TRANSFIGURATION SUNDAY 2016

Moses Receives the Tablets - Marc Chagall

That strange New Testament episode known as ‘The Transfiguration’ is unique in the Church Calendar. It is the only event in the life of Christ that is observed twice – on the traditional ‘Feast of the Transfiguration’ (Aug 6th) and on the Sunday before Lent, now widely referred to as ‘Transfiguration Sunday’. The lessons for this year are unusually integrated. The Old Testament tells the story of Moses on Sinai that Paul then refers to in the Epistle. It is the very same story that occurs immediately to the disciples, when they see what happens to Jesus on the mountain top.
It was on Mount Sinai that Moses received the Ten Commandments from God. When he descends his face is shining with a brightness so unnatural that it unnerves the Israelites. And so, after subsequent visits to the Holy of Holies, he covers his face with a veil. The message, Paul tells us, is that the Israelites were unprepared or unwilling to encounter God’s glory. Now, thanks to Christ, we are enabled to do so. But our ability to do so does not arise from the Transfiguration that Peter, James and John witness. Rather, that experience prepares them to witness the Resurrection. It removes the veil that would otherwise prevent them from seeing God in a crucified criminal.

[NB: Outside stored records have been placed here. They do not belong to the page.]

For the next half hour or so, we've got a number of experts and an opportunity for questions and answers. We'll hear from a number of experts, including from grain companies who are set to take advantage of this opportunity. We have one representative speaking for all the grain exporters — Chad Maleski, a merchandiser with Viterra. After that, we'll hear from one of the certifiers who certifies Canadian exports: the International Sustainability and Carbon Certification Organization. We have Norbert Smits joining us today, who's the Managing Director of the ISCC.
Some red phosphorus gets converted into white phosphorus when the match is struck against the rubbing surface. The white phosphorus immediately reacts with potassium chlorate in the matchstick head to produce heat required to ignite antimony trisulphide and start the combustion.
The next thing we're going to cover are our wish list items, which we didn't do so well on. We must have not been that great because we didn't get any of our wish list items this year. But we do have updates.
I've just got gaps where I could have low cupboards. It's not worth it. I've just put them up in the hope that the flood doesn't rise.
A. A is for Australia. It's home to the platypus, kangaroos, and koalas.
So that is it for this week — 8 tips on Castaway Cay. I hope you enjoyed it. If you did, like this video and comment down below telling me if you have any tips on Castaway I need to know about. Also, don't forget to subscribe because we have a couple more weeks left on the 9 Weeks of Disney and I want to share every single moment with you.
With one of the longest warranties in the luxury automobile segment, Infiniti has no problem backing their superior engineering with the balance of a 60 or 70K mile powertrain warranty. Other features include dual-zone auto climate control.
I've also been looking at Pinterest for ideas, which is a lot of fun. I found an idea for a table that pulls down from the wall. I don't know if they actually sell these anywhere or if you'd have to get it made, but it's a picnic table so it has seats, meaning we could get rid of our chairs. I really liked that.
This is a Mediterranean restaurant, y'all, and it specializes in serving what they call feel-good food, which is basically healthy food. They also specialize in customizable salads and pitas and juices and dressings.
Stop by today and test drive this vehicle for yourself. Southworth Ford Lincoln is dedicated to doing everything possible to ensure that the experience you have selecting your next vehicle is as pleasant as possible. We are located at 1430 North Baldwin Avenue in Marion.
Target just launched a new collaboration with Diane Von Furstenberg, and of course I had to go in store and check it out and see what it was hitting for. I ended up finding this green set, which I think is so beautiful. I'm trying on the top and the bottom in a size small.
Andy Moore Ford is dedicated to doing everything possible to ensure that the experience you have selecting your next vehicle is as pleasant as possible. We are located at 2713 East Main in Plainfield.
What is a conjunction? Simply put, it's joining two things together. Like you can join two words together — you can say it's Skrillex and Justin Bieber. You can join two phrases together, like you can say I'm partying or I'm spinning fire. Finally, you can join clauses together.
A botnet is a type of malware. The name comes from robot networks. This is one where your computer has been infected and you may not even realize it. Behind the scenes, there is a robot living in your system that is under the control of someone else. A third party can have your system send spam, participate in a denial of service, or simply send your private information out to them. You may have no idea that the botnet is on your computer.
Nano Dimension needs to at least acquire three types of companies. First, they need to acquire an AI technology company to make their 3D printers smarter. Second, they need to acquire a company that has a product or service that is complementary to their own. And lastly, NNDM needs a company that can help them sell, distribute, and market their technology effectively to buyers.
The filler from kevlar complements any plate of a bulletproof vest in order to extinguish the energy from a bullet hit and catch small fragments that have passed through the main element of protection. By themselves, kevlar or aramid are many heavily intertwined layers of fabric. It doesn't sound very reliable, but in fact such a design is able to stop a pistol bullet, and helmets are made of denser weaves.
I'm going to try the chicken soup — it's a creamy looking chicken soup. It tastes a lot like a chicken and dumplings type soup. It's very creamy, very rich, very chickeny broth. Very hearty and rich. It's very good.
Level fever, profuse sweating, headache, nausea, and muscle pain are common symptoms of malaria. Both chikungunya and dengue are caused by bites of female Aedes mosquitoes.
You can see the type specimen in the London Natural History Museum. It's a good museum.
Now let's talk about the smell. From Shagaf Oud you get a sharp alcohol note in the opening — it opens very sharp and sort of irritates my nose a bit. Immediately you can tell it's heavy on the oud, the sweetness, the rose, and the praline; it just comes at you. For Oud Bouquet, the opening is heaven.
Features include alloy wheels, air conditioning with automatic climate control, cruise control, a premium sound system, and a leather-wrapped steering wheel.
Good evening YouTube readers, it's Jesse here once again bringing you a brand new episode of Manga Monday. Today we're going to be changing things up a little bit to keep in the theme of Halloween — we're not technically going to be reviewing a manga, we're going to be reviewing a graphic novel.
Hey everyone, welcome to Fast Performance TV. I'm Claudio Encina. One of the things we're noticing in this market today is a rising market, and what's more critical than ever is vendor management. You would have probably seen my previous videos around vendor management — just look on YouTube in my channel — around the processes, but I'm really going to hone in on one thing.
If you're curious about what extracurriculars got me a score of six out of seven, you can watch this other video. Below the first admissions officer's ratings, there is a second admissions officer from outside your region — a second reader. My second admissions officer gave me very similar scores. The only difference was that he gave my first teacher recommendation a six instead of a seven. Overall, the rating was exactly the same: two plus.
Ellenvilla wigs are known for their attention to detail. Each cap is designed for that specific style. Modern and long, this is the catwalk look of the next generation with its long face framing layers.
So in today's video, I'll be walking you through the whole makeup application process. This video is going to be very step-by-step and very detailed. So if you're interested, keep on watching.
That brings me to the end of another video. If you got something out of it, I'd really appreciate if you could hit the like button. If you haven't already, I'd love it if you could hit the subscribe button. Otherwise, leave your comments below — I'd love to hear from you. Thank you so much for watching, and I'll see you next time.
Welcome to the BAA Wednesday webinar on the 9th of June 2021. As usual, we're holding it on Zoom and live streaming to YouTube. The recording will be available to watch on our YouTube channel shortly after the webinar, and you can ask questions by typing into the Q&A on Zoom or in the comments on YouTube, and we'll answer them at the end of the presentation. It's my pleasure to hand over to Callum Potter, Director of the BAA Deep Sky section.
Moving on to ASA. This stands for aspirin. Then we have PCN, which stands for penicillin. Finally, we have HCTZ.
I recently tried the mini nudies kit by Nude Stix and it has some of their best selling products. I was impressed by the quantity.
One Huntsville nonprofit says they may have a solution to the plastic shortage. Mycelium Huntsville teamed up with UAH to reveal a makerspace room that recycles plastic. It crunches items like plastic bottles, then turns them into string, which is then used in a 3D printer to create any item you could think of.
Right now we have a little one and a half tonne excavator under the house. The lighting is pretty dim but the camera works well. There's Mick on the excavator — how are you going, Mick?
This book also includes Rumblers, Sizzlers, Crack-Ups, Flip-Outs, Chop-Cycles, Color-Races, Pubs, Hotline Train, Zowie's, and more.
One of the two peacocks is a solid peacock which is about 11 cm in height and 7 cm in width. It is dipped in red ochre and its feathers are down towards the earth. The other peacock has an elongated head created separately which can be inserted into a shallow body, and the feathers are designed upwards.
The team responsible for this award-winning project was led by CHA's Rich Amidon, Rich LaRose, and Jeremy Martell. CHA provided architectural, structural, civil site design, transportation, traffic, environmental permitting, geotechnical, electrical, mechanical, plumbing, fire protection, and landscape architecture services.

Transfiguration - Fra Angelica (1440)
The season of Lent just approaching is an opportunity to put aside the various ‘veils’ of selfishness and sin that can hide Easter. Despite the familiarity of the phrase, very few people can expect to have ‘mountain top’ experiences. Yet something much less dramatic can serve the same end. In his hymn ‘Spirit of God, descend upon my heart’ the 19thC Irish Anglican priest George Croly (1780-1860) beautifully encapsulated this thought.
I ask no dream, no prophet ecstasies,
No sudden rending of the veil of clay
No angel visitant, no opening skies.